In a book he commissioned, Cojuangco said that Almonte told him that he and the RAM officers were about to move and suggested that Aquino should not leave Manila. He offered to provide Aquino with security.
Aquino had called for civil disobedience in a massive rally at Rizal Park after President Ferdinand Marcos was proclaimed the winner of the fraud-marred Feb. 7 snap election by the rubberstamp Batasang Pambansa.
By then, she was scheduled to travel to Cebu and Davao as part of preparations for a nationwide strike to coincide with Marcos’ swearing-in on Feb. 26.
Almonte was a founder of RAM and was considered its “grandfather.”
He was appointed by Marcos to head the Philippine Center for Advanced Studies of the University of the Philippines. The think-tank he ran was later described as the catalyst of and the incubator for the ideas that led to the formation of RAM by younger Armed Forces officers.
Almonte was much older than the members of RAM’s core group, who graduated from the Philippine Military Academy 15 years after he did. In a story for the Inquirer in 2006, he said that in his seemingly endless discussions with the young officers, he became a “repository of their anxieties.”
Almonte said they told him of “the PMA classmates they lost, of the deaths of soldiers under their care, and of the peasant youths they had to kill in what they saw as a fratricidal war, even while the politicians in Manila continued to play their factional games and businessmen in Makati and Binondo amassed fortunes.”
He said he found their grievances similar to what had moved his platoon to mutiny several years back.
In the planned coup d’etat of RAM, two groups would attack Malacañang and capture Marcos.
Almonte’s task, along with Lt. Col. Victor Batac, was to man the RAM command post at Nichols Field, where a battalion from Trece Martires in Cavite would join them.
The coup was aborted when Marcos discovered the plot a day before it was to be launched.
‘I’m like the Red Cross’
After EDSA I, Almonte became the first officer to be promoted to general by Aquino. After he retired from military service, Aquino appointed him head of the Economic Intelligence and Investigation Bureau.
From 1992 to 1998, Almonte was also the chief security adviser of President Fidel Ramos. For his work during the Ramos administration, he was conferred the country’s highest award, the Ancient Order of Sikatuna, for outstanding government service.
Today, Almonte is in consultancy work and very active in speaking engagements here and abroad. He also writes position papers that focus on leadership, nation-building and peace in Southeast Asia, among others.

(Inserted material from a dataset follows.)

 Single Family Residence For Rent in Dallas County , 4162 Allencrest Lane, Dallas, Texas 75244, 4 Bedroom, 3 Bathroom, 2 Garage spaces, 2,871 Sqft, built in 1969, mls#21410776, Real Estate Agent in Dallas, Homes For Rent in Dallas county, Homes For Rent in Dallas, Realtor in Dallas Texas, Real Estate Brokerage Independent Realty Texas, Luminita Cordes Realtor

“I’m like the Red Cross, always ready to help,” he said in an interview.
• EDUARDO KAPUNAN
An original member of RAM, Air Force Lt. Col. Eduardo “Red” Kapunan was one of the few AFP officers who came out in the open long before it was fashionable to go against the Marcos dictatorship.

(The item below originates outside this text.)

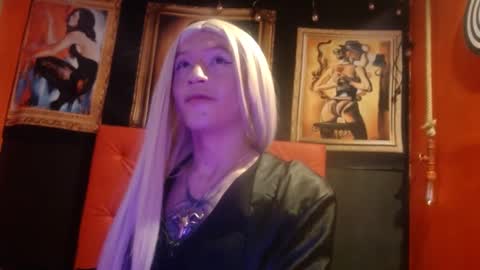 Snapshot of megannixx chatting on October 12, 2025, 4:11 am megannixx online show from October 12, 2025, 4:11 am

According to the RAM plot, Kapunan and Lt. Col. Rodolfo Aguinaldo would lead a group who would attack the Malacañang Presidential Guards on the south bank of the Pasig River.
Kapunan’s group would complement the smaller assault team led by Col. Gregorio “Gringo” Honasan, whose mission was to capture Marcos at dawn of Feb. 23.
When the plot was uncovered, Kapunan and other RAM members took a last stand on Feb. 22 in Camp Aguinaldo with then Defense Minister Juan Ponce Enrile. Later that day, then Lt. Gen. Ramos, the AFP vice chief of staff, joined them.
After EDSA I, a faction of the RAM returned to the barracks. But another group was involved in several failed coup attempts against Aquino. Kapunan was among the soldiers who again turned rebels after EDSA I.
According to the Davide Fact-Finding Commission, Kapunan was involved or investigated for his alleged involvement in three coup attempts against Aquino—in November 1986, August 1987 and December 1989.
He was also accused of being involved in the November 1986 killing of labor leader Rolando Olalia and his driver, Leonor Alay-ay.
In May 1998, the justice department filed two cases of murder against Kapunan and 12 former soldiers and RAM members for the deaths of Olalia and Alay-ay.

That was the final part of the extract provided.